Masjid Raya Al Jabbar adalah contoh terbaru sebuah masjid yang menjadi objek wisata. Dalam Islam, ini bukan hal aneh. Nabi Muhammad Saw sudah mengingatkan bakal ada atau banyaknya masjid yang menjadi objek wisata.
Saat Masjid Jadi Objek Wisata
Saya menemukan postingan pas banget dengan fenomena Masjid Raya Al Jabbar di laman Islampos. Diposting enam tahun silam, postingan ini memebahas masjid yang dibangun megah, luas, mewah, bertingkat, dan berkelas.
Karena kemegahannya, tidak jarang masjid dijadikan sebagai objek wisata yang wajib disambangi, bukan digunakan sebagai tempat beribadah dan sarana untuk dzikrullah.
Membangun masjid megah adalah salah satu fenomena akhir zaman yang telah diingatkan oleh Rasulullah Saw. yaitu ketika masjid sudah dianggap sebagai tempat rekreasi dan hanya dijadikan sebagai jalan untuk lewat.
Ibnu Mas’ud berkata bahwasannya Rasulullah Saw. bersabda: “Sesungguhnya salah satu tanda kiamat adalah bila masjid-masjid dianggap sebagai jalanan.”
Dalam riwayat lain disebutkan bahwa: “Kiamat tidak akan terjadi sehingga orang-orang bermegah-megahan dengan masjid-masjid.” (HR. Ahmad)
Ketika masjid telah dihias sedemikian rupa hingga membuat setiap mata yang memandangnya terkagum-kagum, maka secara perlahan peran dan fungsi masjid telah bergeser menjadi semacam tempat hiburan dan rekreasi.
Kedatangan para ‘pelancong masjid’ layaknya para artis yang berkunjung ke sebuah tempat hiburan. Kekaguman mereka bukan ditujukan kepada Allah yang telah memberikan berjuta-juta kenikmatan kepada mereka, melainkan kagum kepada arsitek dan perancang masjid yang dibangun.

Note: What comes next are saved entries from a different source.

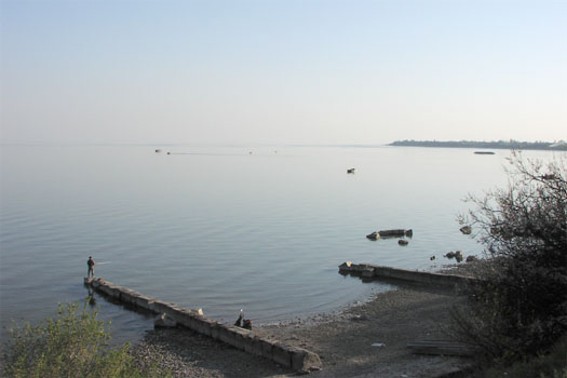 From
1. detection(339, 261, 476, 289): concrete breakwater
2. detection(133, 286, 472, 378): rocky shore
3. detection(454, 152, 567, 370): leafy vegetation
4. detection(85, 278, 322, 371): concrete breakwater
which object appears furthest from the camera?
detection(339, 261, 476, 289): concrete breakwater

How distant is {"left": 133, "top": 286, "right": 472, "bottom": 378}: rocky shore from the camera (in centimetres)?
1675

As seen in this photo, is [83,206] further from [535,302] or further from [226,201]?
[535,302]

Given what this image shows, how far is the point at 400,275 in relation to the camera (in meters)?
32.6

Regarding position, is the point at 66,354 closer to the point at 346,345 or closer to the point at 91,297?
the point at 346,345

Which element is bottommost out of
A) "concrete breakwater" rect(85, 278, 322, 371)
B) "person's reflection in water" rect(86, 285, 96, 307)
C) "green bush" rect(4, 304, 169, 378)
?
"person's reflection in water" rect(86, 285, 96, 307)

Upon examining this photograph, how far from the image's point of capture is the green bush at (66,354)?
10.0 meters

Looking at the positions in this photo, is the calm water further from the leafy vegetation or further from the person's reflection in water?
the leafy vegetation

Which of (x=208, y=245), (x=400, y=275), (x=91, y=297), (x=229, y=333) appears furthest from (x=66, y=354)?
(x=208, y=245)

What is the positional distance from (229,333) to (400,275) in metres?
14.6

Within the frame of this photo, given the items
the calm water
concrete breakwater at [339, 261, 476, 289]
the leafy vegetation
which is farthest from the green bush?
concrete breakwater at [339, 261, 476, 289]

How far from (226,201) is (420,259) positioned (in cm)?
3260

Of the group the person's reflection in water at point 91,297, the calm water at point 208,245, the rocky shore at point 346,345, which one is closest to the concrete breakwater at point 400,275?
the calm water at point 208,245

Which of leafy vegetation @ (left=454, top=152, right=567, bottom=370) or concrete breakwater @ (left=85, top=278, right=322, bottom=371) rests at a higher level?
leafy vegetation @ (left=454, top=152, right=567, bottom=370)

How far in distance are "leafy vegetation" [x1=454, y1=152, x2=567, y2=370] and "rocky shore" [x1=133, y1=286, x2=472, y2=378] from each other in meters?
2.12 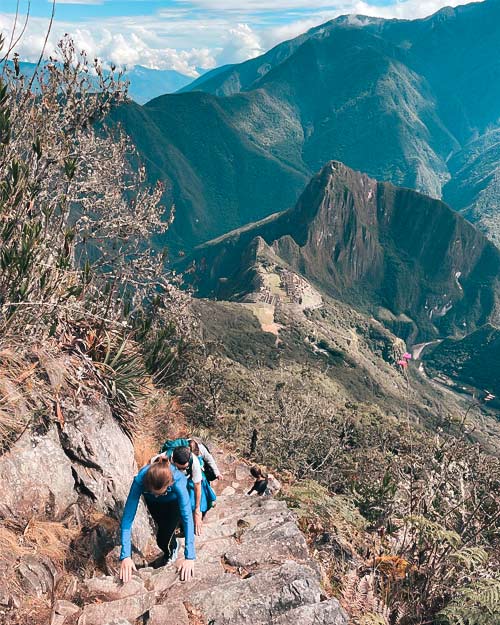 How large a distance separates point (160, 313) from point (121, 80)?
5038mm

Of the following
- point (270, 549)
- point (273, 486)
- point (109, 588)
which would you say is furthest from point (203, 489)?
point (273, 486)

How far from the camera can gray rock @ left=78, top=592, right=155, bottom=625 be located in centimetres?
390

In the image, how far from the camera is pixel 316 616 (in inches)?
161

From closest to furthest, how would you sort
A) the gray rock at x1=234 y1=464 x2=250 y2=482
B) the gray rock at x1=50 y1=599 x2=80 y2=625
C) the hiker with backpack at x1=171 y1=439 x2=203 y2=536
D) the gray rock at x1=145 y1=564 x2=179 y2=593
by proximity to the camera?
the gray rock at x1=50 y1=599 x2=80 y2=625 → the gray rock at x1=145 y1=564 x2=179 y2=593 → the hiker with backpack at x1=171 y1=439 x2=203 y2=536 → the gray rock at x1=234 y1=464 x2=250 y2=482

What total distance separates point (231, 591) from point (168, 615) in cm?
68

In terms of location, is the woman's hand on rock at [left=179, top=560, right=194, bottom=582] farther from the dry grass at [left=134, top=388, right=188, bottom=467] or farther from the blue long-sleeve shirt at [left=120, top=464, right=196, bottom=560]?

Kesibukan para wisatawan bukan pada ibadah apa yang terbaik jika berada di dalam masjid, melainkan pada; berapa biaya yang dihabiskan untuk membangun masjid, siapa desainer dan perancangnya, bahan apa saja yang digunakan dalam pembangunan, dan beragam pertanyaan yang sama sekali tidak berhubungan dengan ibadah.

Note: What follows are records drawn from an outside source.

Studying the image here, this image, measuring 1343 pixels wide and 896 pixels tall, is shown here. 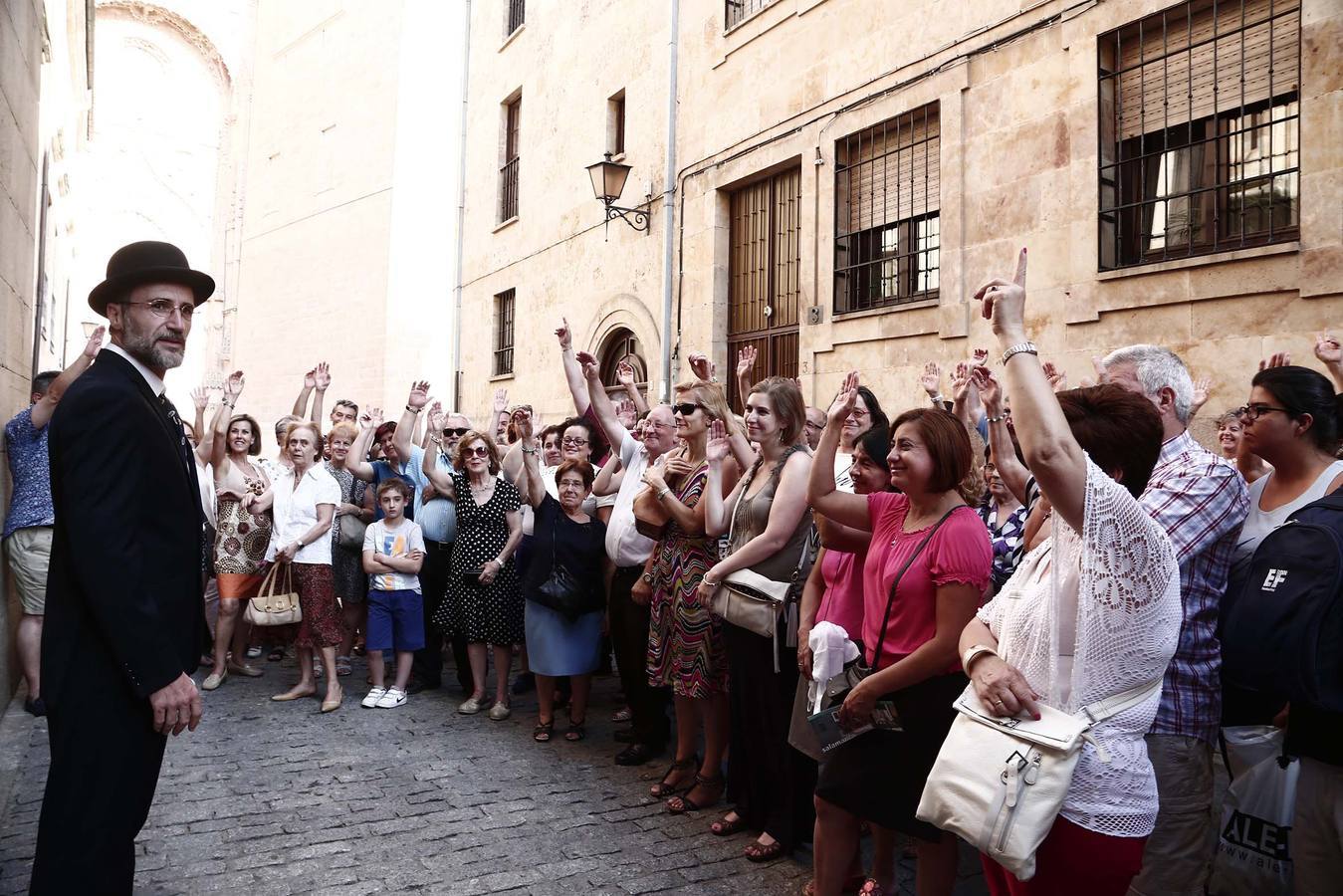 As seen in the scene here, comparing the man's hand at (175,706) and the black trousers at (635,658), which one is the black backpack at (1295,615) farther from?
the black trousers at (635,658)

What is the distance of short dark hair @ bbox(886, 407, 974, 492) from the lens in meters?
3.07

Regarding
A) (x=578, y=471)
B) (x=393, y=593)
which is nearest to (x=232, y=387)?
(x=393, y=593)

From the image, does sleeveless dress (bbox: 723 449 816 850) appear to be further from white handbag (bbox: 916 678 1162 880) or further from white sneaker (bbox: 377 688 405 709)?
white sneaker (bbox: 377 688 405 709)

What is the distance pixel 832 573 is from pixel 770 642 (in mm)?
532

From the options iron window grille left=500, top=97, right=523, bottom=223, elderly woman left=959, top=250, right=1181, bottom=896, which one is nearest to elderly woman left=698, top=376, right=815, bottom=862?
elderly woman left=959, top=250, right=1181, bottom=896

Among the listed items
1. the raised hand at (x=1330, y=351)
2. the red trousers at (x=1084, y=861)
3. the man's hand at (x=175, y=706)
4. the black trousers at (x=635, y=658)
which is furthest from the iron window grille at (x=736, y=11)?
the red trousers at (x=1084, y=861)

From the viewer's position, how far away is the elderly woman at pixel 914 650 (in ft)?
9.64

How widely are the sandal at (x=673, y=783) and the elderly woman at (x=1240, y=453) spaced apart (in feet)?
9.05

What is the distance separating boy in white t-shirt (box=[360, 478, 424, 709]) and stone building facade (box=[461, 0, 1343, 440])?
4671 millimetres

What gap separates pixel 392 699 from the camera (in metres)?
6.44

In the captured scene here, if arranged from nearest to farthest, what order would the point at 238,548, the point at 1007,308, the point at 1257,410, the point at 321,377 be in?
1. the point at 1007,308
2. the point at 1257,410
3. the point at 238,548
4. the point at 321,377

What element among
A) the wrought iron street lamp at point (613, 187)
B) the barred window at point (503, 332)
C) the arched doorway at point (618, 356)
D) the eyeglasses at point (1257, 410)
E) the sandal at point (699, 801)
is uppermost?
the wrought iron street lamp at point (613, 187)

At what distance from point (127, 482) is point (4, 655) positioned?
12.8ft

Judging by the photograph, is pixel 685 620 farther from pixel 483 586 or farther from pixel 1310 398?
pixel 1310 398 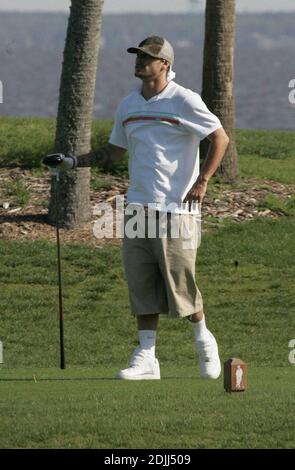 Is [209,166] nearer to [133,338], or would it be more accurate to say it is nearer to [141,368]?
[141,368]

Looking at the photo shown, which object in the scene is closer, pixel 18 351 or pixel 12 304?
pixel 18 351

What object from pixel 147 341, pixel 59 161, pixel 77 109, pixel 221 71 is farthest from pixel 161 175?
pixel 221 71

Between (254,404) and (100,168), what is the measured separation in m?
9.98

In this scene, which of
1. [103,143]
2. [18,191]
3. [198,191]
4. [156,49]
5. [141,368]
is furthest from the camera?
[103,143]

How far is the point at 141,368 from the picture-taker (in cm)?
1057

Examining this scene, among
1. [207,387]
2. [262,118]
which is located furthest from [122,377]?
[262,118]

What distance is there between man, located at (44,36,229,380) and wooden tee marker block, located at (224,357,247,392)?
2.71 ft

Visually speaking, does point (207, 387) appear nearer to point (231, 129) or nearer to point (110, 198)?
point (110, 198)

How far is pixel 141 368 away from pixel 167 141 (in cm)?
149

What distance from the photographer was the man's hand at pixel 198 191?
33.5 ft

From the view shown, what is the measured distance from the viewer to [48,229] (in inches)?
682

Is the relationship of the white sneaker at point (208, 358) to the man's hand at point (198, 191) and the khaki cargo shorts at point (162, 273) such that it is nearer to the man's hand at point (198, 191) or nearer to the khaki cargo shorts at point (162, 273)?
the khaki cargo shorts at point (162, 273)

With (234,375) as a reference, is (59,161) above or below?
above

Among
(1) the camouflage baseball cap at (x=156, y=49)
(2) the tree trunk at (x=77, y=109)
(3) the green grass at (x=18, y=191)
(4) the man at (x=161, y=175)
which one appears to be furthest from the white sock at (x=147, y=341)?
(3) the green grass at (x=18, y=191) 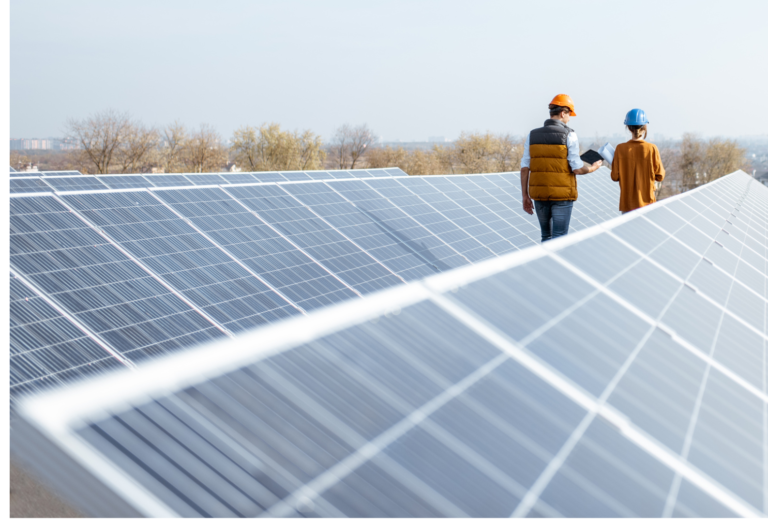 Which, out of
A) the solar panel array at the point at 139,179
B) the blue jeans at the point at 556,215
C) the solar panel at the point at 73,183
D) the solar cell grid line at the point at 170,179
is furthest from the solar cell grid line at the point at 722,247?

Yang pertama kali dilakukan para wisatawan bukan melakukan shalat sunnah tahiyyatul masjid dua rakaat, akan tetapi yang mereka lakukan adalah mengeluarkan kamera digitalnya untuk memotret seluruh ruangan masjid dan berpose dibeberapa sudut masjid. Ironis!
Fakta! Itulah yang terjadi di Masjid Raya Al Jabbar. Fakta lainnya, Masjid Raya Al Jabbar bisa dikatakan tidak memiliki jamaah tetap! Imam dan muadzin memang ada, tetap, yang ditugaskan Pemprov Jabar, namun jamaah shalat fardu Masjid Raya Al Jabbar bisa dikatakan 99,5% pengunjung alias wisatawan!
Warga sekitar hanya sesekali dan beberapa saja yang shalat di sana. Itu pun sekedar penasaran dan "ingin nyobain". Mayoritas warga sekitar Masjid Raya Al Jabbar masih setia shalat di masjid sekitar rumah mereka, atau di rumah.
Bukti bahwa Masjid Raya Al Jabbar tidak dibutuhkan untuk tempat ibadah warga sekitar adalah tidak adanya protes saat masjid itu ditutup.
Bahkan, saat ditutup 27 Februari - 23 Maret 2023, warga sekitar masjid, termasuk saya, sangat senang karena kehidupan normal, jalanan normal, tidak ada kemacetan dan "kerudetan".
Video: Masjid Raya Al Jabbar Sebelum Diresmikan
« Prev Post
Next Post »
No comments on Masjid Raya Al Jabbar adalah Tempat Wisata, Tak Dibutuhkan Warga
Post a Comment
No Spam, Please!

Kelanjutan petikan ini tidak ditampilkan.